This graph is referred as service behavioral graph (SBG) in this paper, it can
be discovered from the ontology graph using critical elements and behaviorally
correct path defined in the following sections. Algorithm 1 is the pseudo-code
for SBG discovery2 , details can be found in Section 3.3.
    An example can be seen in Figure 3, the elements in blue of the graph depict
the SBG of S1 defined in Figure 2.

3.1     Critical Elements
We have mentioned in the beginning of this section that the mapping from inputs
to outputs is defined by the relations in the domain ontology, this mapping is,
in fact, a set of paths from input concepts to output concepts, consisting one
or more relations. There may exist multiple paths between a pair I/O concepts,
therefore, finding proper paths is critical for describing the the service’s behavior
correctly.
    Such paths is determined by several components in the ontology, which can
be concepts or relations, they are referred as critical elements in this paper.
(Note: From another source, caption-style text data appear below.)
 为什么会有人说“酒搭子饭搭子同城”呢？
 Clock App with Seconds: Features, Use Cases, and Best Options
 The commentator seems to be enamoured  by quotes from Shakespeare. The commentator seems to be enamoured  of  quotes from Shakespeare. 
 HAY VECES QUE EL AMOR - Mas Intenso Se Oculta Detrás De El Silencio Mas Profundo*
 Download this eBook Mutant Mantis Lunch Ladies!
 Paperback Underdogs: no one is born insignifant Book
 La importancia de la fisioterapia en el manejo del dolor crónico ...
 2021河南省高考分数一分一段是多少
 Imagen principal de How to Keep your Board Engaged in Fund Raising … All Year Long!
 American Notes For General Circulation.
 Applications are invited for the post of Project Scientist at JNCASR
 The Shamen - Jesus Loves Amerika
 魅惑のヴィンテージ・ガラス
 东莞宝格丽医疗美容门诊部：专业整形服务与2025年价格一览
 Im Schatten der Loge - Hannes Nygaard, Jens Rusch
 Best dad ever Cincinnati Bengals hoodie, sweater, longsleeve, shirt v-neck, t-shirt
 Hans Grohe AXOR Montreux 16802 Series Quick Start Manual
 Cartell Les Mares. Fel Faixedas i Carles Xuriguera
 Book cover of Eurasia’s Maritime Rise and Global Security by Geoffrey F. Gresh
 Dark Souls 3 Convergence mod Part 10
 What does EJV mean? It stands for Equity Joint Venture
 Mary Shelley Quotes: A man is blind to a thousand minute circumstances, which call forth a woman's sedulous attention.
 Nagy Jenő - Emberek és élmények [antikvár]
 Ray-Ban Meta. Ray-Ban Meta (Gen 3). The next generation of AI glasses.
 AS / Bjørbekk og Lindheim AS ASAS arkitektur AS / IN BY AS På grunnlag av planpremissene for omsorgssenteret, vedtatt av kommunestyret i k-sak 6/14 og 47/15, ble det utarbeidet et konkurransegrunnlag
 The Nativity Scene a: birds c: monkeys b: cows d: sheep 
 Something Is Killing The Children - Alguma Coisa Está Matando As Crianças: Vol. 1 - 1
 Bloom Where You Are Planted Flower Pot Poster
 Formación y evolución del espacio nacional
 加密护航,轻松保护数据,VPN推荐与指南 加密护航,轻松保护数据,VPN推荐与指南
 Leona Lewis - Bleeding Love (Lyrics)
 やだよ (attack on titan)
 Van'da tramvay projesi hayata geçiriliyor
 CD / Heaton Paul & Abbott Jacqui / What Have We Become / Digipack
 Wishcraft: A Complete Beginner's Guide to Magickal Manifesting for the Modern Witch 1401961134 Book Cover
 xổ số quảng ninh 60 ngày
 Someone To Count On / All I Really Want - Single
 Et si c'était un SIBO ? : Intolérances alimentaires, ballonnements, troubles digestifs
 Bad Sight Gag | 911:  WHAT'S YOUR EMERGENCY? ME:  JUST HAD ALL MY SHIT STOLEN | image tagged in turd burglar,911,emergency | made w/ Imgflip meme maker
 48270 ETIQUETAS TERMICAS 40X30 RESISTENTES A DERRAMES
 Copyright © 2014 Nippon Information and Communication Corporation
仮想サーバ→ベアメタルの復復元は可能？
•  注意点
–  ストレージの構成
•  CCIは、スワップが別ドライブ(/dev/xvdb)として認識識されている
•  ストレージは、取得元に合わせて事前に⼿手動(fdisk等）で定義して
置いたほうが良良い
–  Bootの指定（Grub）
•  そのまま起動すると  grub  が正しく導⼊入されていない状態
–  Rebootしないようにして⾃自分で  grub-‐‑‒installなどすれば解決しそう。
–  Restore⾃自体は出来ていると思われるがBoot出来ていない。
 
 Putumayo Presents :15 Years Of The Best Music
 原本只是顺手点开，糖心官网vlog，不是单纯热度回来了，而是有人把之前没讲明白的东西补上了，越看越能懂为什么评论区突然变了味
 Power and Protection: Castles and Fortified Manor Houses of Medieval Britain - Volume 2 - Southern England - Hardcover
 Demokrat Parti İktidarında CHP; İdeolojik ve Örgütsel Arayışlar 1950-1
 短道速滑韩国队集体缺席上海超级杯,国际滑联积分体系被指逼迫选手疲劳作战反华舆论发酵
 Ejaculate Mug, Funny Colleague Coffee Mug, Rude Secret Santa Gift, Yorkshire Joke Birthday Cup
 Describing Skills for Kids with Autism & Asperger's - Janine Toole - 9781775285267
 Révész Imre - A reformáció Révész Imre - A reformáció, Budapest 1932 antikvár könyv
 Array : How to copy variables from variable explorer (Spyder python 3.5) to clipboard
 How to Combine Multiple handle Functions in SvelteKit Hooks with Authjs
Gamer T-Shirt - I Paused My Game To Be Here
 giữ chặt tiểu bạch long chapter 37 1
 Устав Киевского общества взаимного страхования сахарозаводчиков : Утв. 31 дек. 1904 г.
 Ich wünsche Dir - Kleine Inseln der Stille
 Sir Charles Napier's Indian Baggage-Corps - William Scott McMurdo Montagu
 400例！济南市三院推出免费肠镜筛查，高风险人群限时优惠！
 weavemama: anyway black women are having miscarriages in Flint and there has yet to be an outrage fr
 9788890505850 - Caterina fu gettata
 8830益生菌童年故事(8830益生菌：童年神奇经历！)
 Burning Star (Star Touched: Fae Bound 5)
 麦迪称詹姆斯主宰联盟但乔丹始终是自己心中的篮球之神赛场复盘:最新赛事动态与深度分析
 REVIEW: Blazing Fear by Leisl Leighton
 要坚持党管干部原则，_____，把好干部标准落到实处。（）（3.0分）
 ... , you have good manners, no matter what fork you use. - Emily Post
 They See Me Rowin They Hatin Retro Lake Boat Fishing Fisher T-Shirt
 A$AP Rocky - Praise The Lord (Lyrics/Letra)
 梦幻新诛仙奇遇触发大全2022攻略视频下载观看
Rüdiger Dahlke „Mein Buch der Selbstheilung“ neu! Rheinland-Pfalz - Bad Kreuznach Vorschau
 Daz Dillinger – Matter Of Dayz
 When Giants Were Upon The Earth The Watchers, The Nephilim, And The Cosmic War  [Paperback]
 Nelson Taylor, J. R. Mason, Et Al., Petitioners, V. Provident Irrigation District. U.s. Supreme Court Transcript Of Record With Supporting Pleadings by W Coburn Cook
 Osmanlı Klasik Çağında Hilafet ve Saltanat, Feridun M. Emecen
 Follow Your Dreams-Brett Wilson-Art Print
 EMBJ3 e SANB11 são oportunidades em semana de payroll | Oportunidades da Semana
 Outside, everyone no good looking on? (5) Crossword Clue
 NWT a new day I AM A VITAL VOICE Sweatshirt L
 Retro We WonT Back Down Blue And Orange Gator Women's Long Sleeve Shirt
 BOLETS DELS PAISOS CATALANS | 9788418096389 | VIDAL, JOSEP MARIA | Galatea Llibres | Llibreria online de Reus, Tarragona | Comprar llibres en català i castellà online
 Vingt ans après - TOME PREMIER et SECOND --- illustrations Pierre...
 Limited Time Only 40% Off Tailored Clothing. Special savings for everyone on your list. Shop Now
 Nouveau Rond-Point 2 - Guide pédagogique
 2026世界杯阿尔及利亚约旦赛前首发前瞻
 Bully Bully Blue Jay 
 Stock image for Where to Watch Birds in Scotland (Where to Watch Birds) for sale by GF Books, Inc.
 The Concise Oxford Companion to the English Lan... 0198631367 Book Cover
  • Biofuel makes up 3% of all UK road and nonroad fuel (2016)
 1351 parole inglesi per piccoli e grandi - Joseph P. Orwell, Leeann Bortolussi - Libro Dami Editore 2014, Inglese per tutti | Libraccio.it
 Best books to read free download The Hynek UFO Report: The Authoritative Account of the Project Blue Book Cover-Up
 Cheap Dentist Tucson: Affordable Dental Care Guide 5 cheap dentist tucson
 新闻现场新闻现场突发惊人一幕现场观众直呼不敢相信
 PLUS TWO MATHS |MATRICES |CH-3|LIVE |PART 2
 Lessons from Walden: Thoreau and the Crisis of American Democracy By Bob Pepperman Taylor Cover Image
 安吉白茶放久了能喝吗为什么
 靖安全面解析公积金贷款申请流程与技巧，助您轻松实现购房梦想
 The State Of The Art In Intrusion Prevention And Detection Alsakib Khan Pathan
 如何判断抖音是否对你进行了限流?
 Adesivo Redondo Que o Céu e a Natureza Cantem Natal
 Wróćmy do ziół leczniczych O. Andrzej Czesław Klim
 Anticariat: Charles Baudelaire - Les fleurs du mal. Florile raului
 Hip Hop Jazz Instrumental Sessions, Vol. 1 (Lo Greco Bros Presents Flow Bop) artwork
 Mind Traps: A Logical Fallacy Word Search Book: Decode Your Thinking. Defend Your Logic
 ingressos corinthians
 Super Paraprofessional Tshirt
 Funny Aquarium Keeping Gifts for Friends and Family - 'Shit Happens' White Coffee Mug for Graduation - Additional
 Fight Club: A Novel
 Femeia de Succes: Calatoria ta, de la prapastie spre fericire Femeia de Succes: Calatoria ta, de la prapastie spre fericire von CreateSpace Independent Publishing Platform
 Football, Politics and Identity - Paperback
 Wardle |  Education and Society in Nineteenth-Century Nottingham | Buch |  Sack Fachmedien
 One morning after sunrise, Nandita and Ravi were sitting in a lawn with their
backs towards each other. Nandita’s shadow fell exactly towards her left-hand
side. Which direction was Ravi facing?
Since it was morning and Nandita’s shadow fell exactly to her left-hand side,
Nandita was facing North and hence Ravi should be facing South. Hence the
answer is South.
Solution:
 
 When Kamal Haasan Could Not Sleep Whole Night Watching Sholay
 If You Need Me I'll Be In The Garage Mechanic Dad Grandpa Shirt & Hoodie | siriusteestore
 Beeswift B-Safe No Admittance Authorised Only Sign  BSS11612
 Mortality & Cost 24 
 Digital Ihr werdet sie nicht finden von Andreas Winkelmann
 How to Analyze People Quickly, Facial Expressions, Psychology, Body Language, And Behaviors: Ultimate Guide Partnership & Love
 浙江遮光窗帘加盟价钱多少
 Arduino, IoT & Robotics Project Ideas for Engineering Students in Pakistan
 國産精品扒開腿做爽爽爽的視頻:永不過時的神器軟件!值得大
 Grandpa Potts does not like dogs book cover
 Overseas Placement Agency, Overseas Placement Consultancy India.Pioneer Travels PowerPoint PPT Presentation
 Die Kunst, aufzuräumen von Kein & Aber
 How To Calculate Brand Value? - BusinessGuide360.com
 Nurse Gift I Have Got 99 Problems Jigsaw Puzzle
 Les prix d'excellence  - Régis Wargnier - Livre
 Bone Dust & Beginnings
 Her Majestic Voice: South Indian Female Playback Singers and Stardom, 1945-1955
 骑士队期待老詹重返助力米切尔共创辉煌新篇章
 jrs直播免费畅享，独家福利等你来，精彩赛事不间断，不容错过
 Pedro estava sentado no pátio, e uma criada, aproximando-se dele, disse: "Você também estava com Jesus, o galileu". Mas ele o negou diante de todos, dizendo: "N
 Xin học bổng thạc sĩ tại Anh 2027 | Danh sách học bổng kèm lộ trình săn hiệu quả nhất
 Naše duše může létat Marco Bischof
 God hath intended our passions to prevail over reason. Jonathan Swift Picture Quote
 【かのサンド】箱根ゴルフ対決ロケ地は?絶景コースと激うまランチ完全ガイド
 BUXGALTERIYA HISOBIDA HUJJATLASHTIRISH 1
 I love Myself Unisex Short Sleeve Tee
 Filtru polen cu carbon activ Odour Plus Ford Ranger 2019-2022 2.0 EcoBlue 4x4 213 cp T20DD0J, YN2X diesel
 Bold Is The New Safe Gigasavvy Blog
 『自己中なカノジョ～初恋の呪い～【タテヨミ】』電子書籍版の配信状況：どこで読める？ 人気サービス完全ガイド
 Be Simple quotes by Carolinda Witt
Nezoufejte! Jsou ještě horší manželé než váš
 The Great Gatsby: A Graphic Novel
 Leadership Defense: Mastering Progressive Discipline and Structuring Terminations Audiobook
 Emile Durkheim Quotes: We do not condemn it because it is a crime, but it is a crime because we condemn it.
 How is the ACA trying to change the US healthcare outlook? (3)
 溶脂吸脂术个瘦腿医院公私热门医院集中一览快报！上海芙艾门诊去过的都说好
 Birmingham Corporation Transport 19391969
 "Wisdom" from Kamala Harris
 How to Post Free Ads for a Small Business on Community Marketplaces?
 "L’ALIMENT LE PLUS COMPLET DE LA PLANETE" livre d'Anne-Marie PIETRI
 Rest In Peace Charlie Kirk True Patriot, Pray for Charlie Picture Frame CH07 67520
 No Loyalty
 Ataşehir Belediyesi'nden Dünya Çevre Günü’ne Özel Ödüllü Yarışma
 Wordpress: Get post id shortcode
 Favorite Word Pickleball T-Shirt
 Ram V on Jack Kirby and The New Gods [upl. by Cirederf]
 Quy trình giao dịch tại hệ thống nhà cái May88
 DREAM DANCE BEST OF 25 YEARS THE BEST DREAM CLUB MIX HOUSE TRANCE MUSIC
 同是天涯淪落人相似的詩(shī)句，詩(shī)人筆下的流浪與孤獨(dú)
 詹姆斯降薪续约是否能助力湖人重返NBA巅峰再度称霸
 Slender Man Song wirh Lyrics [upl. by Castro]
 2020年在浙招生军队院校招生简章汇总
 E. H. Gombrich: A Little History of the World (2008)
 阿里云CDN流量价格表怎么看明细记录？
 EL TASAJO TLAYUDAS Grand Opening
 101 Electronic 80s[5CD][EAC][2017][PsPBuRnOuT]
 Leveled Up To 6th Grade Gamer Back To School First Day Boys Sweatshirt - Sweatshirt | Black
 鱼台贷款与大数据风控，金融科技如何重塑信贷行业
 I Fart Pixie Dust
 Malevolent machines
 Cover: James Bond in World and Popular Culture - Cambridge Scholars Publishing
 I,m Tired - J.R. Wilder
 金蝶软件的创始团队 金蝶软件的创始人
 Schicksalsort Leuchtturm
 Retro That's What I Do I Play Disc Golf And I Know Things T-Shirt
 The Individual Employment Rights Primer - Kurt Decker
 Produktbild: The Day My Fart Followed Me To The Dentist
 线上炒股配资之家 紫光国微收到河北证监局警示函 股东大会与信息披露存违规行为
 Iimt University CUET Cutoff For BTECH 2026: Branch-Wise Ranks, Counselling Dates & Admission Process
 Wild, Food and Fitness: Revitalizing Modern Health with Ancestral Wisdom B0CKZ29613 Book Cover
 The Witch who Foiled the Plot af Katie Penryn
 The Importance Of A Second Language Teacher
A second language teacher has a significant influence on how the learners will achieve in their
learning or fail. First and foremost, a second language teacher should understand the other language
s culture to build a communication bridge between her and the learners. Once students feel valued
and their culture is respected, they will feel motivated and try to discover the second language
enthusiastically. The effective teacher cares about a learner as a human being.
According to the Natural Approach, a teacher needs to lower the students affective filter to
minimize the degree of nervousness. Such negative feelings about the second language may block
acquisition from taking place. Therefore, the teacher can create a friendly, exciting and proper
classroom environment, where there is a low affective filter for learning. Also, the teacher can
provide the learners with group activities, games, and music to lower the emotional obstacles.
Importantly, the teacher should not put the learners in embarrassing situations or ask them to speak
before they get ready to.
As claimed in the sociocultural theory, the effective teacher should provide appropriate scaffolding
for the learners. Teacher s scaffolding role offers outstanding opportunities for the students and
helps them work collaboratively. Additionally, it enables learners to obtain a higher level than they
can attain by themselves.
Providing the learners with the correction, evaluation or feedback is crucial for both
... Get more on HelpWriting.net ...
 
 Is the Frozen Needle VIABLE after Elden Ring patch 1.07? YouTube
P (Precondition), Q( Post-condition) and T(Syntactical information) of service
description may offer some clues to these critical elements.
Syntactical Information Syntactical information is valuable for revealing ser-
   vices’ behaviors. For example, even though S1(I,O) = S3(I,O) , the textual
   descriptions (T) differ these two services at human-readable level. To find
   the critical elements, syntactical information and ontological components’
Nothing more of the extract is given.